* RECORDS FOR THE EXERCISE *

= Beginning of Section =

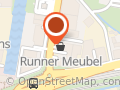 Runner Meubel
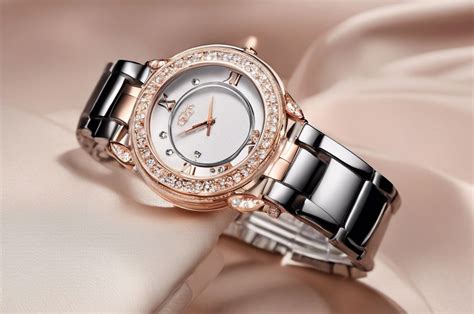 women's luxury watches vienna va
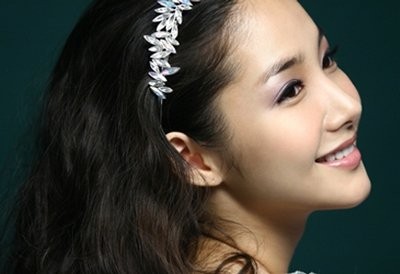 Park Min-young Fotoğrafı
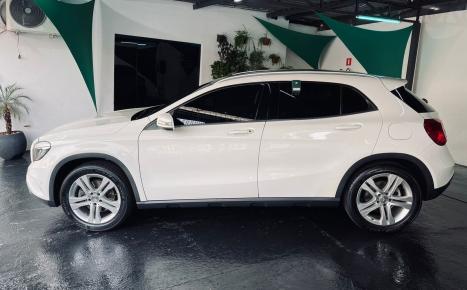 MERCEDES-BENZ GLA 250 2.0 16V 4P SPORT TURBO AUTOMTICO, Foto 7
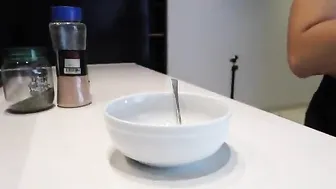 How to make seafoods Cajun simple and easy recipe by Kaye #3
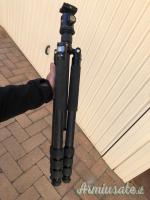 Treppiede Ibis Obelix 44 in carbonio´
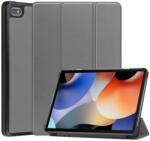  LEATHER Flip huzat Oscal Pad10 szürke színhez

= End of Section =
= Beginning of Section =

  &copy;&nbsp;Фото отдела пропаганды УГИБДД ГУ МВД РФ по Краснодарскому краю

= End of Section =

* YOUR INSTRUCTIONS *
Reproduce the data above exactly, but only the lines from the one showing "Runner Meubel" through the one showing "Treppiede Ibis Obelix 44 in carbonio´", with both ends kept and the pictures left out.

* WRITTEN SOLUTION *
 Runner Meubel
 women's luxury watches vienna va
 Park Min-young Fotoğrafı
 MERCEDES-BENZ GLA 250 2.0 16V 4P SPORT TURBO AUTOMTICO, Foto 7
 How to make seafoods Cajun simple and easy recipe by Kaye #3
 Treppiede Ibis Obelix 44 in carbonio´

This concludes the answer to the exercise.